What the exercise asks> Below are some entries. Repeat exactly the lines from the one with "Mp4-плеер с Bluetooth" through the one with "Dries Van Noten Black Crewneck Sweater", and only those.

Data>
<<<<
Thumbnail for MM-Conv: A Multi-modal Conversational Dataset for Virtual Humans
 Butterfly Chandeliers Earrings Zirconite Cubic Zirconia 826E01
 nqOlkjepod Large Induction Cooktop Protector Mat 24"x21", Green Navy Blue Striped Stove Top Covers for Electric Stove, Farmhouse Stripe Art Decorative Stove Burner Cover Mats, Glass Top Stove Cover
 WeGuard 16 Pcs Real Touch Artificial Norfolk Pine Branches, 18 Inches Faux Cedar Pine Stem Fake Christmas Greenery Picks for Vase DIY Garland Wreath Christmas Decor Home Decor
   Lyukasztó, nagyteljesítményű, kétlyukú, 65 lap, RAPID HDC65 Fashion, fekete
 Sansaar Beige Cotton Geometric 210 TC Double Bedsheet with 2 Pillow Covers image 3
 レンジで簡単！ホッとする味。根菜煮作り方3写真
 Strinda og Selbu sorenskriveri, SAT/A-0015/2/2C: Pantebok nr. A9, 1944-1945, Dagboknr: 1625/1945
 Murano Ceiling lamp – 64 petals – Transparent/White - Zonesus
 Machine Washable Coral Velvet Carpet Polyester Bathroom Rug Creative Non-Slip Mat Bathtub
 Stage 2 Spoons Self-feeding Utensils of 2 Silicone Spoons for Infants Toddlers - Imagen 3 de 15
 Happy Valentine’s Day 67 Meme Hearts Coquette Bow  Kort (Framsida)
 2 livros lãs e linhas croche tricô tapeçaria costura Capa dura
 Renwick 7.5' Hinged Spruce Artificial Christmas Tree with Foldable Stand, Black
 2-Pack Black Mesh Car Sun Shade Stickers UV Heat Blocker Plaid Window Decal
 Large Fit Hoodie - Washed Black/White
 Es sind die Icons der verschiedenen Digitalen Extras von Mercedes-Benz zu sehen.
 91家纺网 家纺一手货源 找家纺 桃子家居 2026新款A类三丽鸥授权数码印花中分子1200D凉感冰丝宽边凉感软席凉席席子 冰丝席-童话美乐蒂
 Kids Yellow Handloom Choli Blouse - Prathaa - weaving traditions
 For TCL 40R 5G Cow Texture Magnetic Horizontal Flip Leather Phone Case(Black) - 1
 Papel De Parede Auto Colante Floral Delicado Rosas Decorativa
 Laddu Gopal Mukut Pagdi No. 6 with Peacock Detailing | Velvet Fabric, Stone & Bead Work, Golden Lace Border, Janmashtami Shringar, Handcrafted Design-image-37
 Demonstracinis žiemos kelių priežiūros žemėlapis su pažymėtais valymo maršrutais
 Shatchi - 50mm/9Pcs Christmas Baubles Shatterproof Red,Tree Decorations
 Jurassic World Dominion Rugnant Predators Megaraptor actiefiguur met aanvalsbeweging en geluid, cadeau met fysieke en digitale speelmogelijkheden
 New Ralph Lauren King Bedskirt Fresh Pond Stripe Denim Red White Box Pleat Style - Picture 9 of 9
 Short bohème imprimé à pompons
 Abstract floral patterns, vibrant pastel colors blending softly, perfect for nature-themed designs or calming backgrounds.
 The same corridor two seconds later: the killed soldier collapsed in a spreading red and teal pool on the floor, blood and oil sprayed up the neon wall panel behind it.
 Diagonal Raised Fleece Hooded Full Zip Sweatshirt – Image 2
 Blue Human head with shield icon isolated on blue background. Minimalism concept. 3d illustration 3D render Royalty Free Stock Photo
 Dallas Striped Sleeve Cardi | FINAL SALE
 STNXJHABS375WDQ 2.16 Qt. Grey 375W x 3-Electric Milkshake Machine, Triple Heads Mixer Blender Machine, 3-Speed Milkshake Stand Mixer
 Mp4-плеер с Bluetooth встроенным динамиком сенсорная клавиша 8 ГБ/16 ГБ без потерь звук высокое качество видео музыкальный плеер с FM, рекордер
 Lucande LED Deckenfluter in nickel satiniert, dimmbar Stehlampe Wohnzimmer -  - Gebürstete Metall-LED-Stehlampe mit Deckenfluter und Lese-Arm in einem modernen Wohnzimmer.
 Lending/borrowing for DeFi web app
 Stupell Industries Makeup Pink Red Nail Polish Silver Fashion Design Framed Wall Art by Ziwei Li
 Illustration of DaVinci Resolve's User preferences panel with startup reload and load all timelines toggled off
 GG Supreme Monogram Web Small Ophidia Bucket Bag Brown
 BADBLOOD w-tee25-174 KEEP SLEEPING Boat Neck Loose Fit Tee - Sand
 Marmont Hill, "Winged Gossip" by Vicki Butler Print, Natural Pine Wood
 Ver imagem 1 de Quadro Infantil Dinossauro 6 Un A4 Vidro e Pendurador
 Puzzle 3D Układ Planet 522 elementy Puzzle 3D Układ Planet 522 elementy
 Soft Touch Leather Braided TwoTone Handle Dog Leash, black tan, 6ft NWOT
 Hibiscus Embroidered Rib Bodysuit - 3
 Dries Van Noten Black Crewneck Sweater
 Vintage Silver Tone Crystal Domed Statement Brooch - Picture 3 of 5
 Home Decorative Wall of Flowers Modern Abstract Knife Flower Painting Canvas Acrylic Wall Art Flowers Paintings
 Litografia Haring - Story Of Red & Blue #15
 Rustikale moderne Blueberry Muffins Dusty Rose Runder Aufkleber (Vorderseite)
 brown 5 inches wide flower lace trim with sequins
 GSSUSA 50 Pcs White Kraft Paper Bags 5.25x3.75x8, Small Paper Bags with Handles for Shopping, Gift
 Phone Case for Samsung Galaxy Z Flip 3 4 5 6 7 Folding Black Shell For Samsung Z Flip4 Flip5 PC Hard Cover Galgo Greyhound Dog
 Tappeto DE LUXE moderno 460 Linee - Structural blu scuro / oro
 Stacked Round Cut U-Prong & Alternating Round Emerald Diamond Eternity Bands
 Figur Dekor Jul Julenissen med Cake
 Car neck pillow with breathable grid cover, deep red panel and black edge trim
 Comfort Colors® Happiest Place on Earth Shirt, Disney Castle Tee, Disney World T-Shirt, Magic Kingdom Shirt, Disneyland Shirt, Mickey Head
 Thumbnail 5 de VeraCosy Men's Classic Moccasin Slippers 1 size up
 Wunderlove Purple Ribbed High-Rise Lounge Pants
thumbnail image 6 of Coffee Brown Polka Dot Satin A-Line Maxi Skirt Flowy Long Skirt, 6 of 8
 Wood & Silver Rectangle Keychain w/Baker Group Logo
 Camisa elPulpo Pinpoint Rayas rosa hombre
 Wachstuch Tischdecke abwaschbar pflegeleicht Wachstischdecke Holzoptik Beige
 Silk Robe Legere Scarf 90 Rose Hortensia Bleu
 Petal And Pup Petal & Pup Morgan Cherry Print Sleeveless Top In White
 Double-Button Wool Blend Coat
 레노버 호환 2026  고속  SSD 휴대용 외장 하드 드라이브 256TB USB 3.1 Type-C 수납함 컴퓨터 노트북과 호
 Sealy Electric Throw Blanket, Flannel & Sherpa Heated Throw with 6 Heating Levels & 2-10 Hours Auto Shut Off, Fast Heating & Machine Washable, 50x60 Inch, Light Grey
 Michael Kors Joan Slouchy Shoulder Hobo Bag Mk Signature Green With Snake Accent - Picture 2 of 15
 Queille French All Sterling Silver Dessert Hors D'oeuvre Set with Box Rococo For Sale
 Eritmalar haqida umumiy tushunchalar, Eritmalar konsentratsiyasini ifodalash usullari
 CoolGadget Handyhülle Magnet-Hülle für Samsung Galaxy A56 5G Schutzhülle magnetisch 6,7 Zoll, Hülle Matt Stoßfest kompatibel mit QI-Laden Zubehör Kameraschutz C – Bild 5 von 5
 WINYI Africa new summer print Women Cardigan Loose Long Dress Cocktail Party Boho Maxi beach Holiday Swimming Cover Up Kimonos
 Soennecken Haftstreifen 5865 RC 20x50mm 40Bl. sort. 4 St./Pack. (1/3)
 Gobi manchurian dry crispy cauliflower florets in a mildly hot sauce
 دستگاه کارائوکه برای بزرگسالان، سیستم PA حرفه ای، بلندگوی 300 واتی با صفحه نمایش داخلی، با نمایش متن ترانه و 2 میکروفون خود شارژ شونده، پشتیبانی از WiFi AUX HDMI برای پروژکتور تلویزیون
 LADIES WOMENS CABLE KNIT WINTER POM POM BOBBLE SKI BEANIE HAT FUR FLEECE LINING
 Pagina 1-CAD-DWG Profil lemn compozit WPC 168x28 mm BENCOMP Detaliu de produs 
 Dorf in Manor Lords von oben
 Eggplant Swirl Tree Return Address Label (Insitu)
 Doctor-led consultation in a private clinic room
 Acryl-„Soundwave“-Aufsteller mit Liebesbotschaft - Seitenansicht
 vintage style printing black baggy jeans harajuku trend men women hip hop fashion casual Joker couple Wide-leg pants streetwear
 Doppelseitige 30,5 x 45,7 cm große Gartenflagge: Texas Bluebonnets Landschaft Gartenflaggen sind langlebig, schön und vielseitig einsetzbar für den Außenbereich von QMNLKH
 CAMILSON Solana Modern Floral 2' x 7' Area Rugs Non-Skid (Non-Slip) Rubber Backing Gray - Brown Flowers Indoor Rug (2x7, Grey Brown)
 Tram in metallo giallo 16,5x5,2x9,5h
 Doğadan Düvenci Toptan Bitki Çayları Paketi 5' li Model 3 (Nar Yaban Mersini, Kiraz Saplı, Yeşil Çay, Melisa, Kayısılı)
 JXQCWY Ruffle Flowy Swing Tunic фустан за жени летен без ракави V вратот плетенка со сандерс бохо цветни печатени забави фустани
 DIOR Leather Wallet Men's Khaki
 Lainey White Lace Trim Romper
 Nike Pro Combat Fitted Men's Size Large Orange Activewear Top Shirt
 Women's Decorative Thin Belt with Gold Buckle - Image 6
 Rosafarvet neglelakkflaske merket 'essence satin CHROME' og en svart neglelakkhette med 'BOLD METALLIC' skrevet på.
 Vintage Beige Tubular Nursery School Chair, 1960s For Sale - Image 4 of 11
>>>>
Solution for this task>
 Mp4-плеер с Bluetooth встроенным динамиком сенсорная клавиша 8 ГБ/16 ГБ без потерь звук высокое качество видео музыкальный плеер с FM, рекордер
 Lucande LED Deckenfluter in nickel satiniert, dimmbar Stehlampe Wohnzimmer -  - Gebürstete Metall-LED-Stehlampe mit Deckenfluter und Lese-Arm in einem modernen Wohnzimmer.
 Lending/borrowing for DeFi web app
 Stupell Industries Makeup Pink Red Nail Polish Silver Fashion Design Framed Wall Art by Ziwei Li
 Illustration of DaVinci Resolve's User preferences panel with startup reload and load all timelines toggled off
 GG Supreme Monogram Web Small Ophidia Bucket Bag Brown
 BADBLOOD w-tee25-174 KEEP SLEEPING Boat Neck Loose Fit Tee - Sand
 Marmont Hill, "Winged Gossip" by Vicki Butler Print, Natural Pine Wood
 Ver imagem 1 de Quadro Infantil Dinossauro 6 Un A4 Vidro e Pendurador
 Puzzle 3D Układ Planet 522 elementy Puzzle 3D Układ Planet 522 elementy
 Soft Touch Leather Braided TwoTone Handle Dog Leash, black tan, 6ft NWOT
 Hibiscus Embroidered Rib Bodysuit - 3
 Dries Van Noten Black Crewneck Sweater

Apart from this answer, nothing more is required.